__DIRECTIONS FOR THIS TASK__: Within the listing below, please copy exactly the lines between the line holding "Hoa hậu Bảo" and the line holding "Château de La Moussaye", inclusive.

__AVAILABLE RECORDS__:

=== Begin Enclosure ===

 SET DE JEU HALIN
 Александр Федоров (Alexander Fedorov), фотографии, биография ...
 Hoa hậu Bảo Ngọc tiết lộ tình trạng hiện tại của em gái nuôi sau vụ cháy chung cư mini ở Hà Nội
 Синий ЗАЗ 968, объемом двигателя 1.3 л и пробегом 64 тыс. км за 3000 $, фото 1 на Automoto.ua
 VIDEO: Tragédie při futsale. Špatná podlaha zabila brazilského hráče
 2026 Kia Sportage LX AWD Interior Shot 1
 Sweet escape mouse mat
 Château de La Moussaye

=== End Enclosure ===
=== Begin Enclosure ===

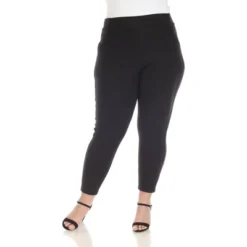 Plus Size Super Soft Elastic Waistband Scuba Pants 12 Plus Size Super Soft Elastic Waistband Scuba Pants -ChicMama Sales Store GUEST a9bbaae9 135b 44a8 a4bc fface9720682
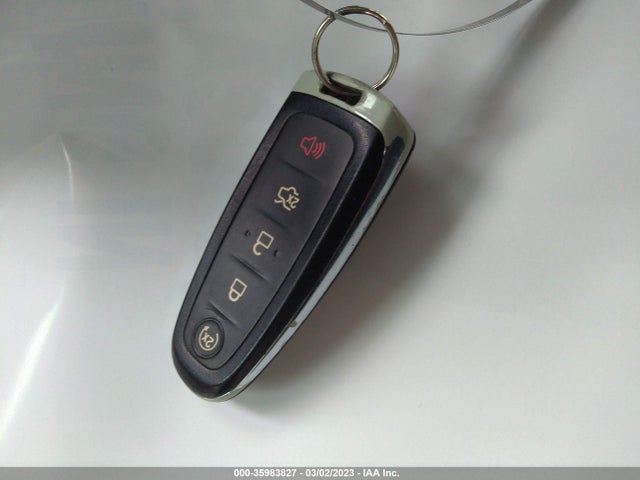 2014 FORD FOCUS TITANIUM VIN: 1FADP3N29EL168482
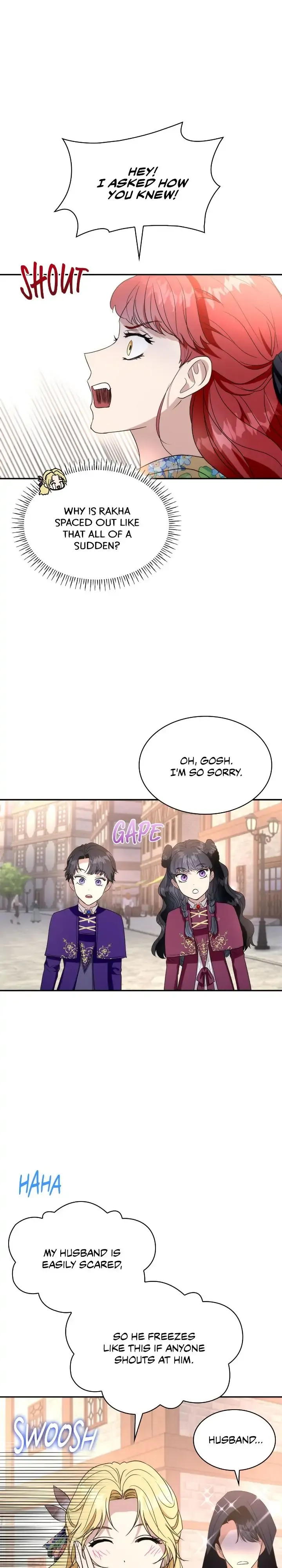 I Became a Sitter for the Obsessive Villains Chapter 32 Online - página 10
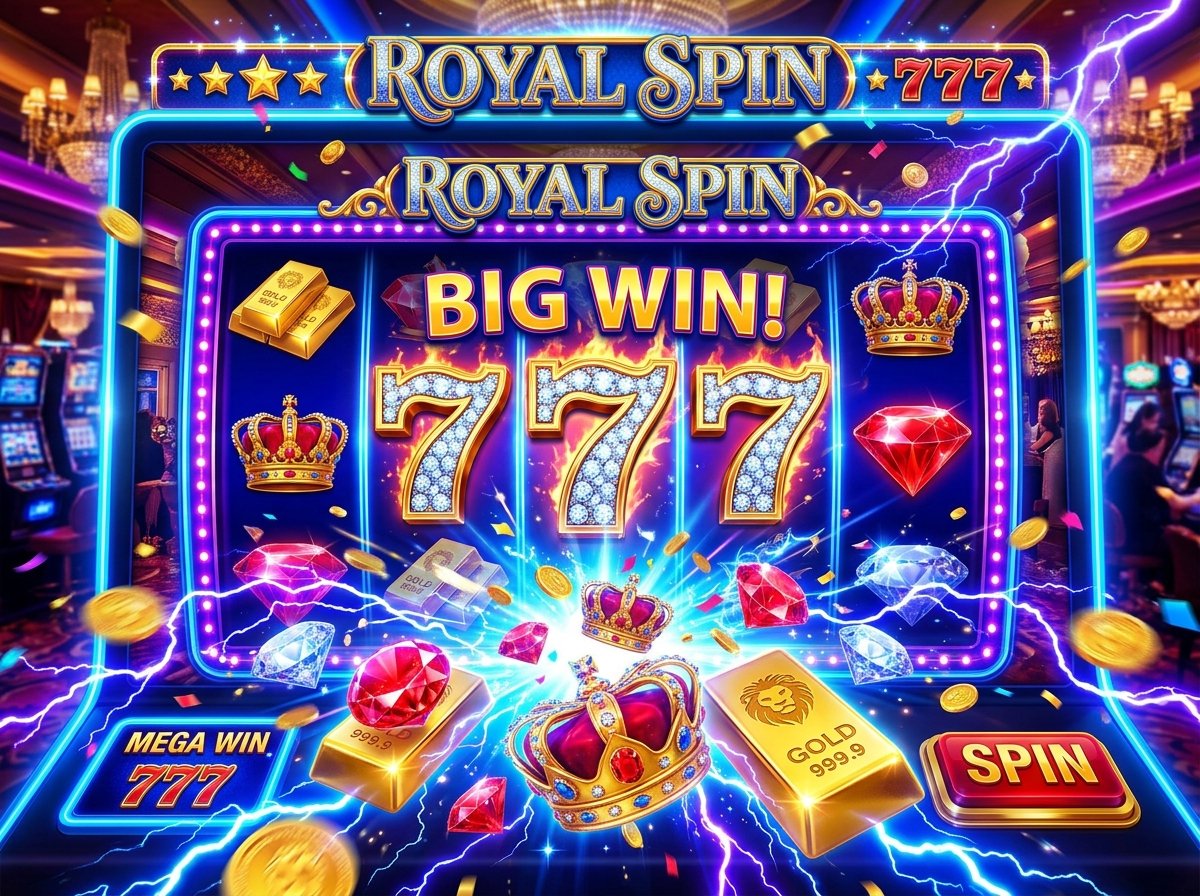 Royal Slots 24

=== End Enclosure ===

__ANSWER TO THIS PROBLEM__:
 Hoa hậu Bảo Ngọc tiết lộ tình trạng hiện tại của em gái nuôi sau vụ cháy chung cư mini ở Hà Nội
 Синий ЗАЗ 968, объемом двигателя 1.3 л и пробегом 64 тыс. км за 3000 $, фото 1 на Automoto.ua
 VIDEO: Tragédie při futsale. Špatná podlaha zabila brazilského hráče
 2026 Kia Sportage LX AWD Interior Shot 1
 Sweet escape mouse mat
 Château de La Moussaye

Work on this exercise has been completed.